>>>>

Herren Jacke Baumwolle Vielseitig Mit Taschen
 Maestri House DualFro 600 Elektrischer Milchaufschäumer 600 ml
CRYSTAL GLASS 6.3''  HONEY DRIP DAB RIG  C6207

<<<<

ASSIGNED TASK:
Retype the material in full. Keep every character as it is.

RESPONSE TO THE EXERCISE:
Herren Jacke Baumwolle Vielseitig Mit Taschen
 Maestri House DualFro 600 Elektrischer Milchaufschäumer 600 ml
CRYSTAL GLASS 6.3''  HONEY DRIP DAB RIG  C6207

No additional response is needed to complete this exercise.